# Text to Metadata Filter

For this example let's use *Chroma* as the vector store. Let's create a demo set of documents that contain summaries of movies

First run this command to create a isolated environment with all the dependencies needed to run this example.



```CMD	
# Creating a virtual environment to work with all features and avoid issues with dependencies
! virtualenv venv
```

Installing necessary dependencies:    
```CMD
! pip install --upgrade --quiet lark langchain-chroma langchain-ollama langchain ipykernel langchain-core langchain-community
```

Create requirements file
```CMD
! pip freeze > ../requirements.txt
```

> Note: Running multiple times this setup leads to generating several copies of the same retrived documents, for more persistent ways to store and access the data, check [here](https://python.langchain.com/docs/integrations/vectorstores/chroma/)

In [None]:
from langchain_chroma import Chroma
from langchain_core.documents import Document
from langchain_ollama import OllamaEmbeddings
from langchain.chains.query_constructor.schema import AttributeInfo
from langchain.retrievers.self_query.base import SelfQueryRetriever
from langchain_ollama import ChatOllama

docs = [
    Document(
        page_content="A bunch of scientists bring back dinosaurs and mayhem brooks loose",
        metadata={"year": 1993, "rating": 7.7, "genre": "science fiction"},
    ),
    Document(
        page_content="Leo DiCaprio gets lost in a dream within a dream within a dream within a ...",
        metadata={"year": 2010, "director": "Christopher Nolan", "rating": 8.2},
    ),
    Document(
        page_content="A psychologist / detective gets lost in a series of dreams within dreams within dreams and Inception reused the idea",
        metadata={"year": 2006, "director": "Satoshi Kon", "rating": 8.6},
    ),
    Document(
        page_content="A bunch of normal-sized women are supremely wholesome and some men pine after them",
        metadata={"year": 2019, "director": "Greta Gerwig", "rating": 8.3},
    ),
    Document(
        page_content="Toys come alive and have a blast doing so",
        metadata={"year": 1995, "genre": "animated"},
    ),
    Document(
        page_content="Three men walk into the Zone, three men walk out of the Zone",
        metadata={
            "year": 1979,
            "director": "Andrei Tarkovsky",
            "genre": "thriller",
            "rating": 9.9,
        },
    ),
]

model = OllamaEmbeddings(model="mxbai-embed-large")
vectorstore = Chroma.from_documents(docs, model)

In [None]:
fields = [
    AttributeInfo(
        name="genre",
        description="The genre of the movie",
        type = "string of list[string]",
    ),
    AttributeInfo(
        name="year",
        description="The year the movie was released",
        type="integer",
    ),
    AttributeInfo(
        name="director",
        description="The name of the movie director",
        type="string",
    ),
    AttributeInfo(
        name="rating", description="A 1-10 rating for the movie", type="float"
    ),
]
description = "Summary of a movie"

llm = ChatOllama(model="llama3.1", num_predict=100)

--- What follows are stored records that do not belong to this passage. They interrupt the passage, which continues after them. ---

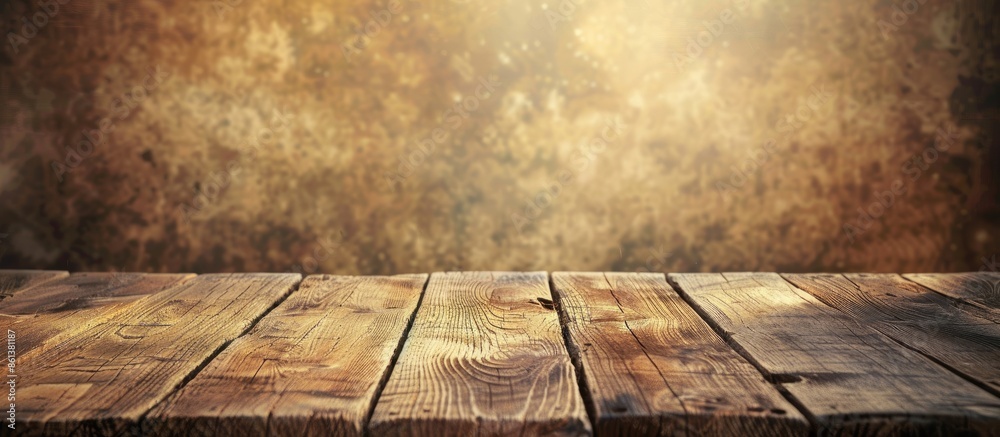 Poster vintage light teak wooden panel with a natural wood grain texture ideal for background. the desk is 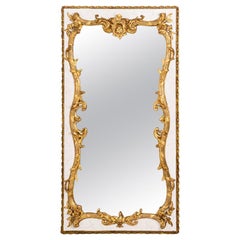 Louis XV Style Mirror in Lacquered Wood and Gilt Stucco, circa 1880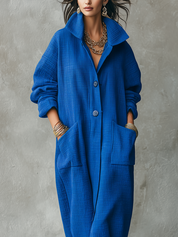 Cobalt Blue Textured Pocket Coat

retriever = SelfQueryRetriever.from_llm(
    llm, vectorstore, description, fields, enable_limit=True,
)

retriever.invoke("I want to watch a movie rated higher than 8.5")

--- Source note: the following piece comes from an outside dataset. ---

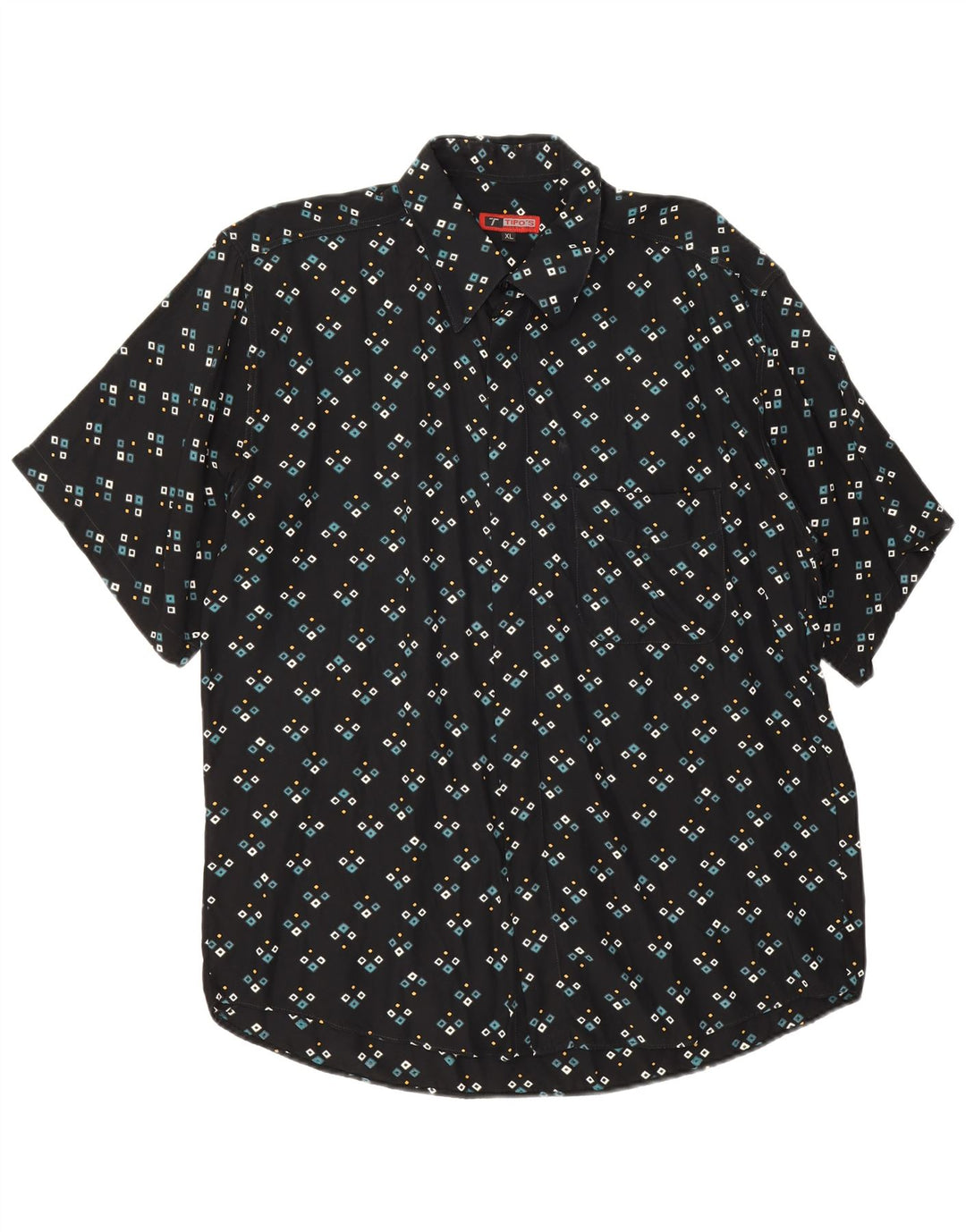 Tipo' S Herren Kurzarmhemd XL Schwarz Geometrisch Viskose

[Document(id='48b15bb8-570b-4164-919d-4acb1a01b5d1', metadata={'director': 'Andrei Tarkovsky', 'genre': 'thriller', 'rating': 9.9, 'year': 1979}, page_content='Three men walk into the Zone, three men walk out of the Zone'),
 Document(id='8c56d1c4-a900-4dd1-a78c-7c26bf6c7994', metadata={'director': 'Satoshi Kon', 'rating': 8.6, 'year': 2006}, page_content='A psychologist / detective gets lost in a series of dreams within dreams within dreams and Inception reused the idea')]

This results in a retriever that will take a user query, and split it into:
- A filter to apply on the metadata of each document first.
- A query to use for semantic search on the documents.

To do this, we have to describe which fields the metadata of our documents contain; that description will be included in the propmt. The retriever will then do the following:

1. Send the query generation prompt to the LLM. 
2. Parse metadata filter and rewritten search query from the LLM output.
3. Convert the metadata filter generated by the LLM to the format appropiate for our vector store.
4. Issue a similarity search against the vector store, filtered to only match documents whose metadata passes the generated filter.

> Note: After doing several changes to prompt and model configuration, notice errors related to wrong output parsing with langchain, this can be fixed by changing the prompt to be more specific about the output format. Llama3.1 has some limitations, could be a good idea to test this script with other models like Llama2 or GPT4.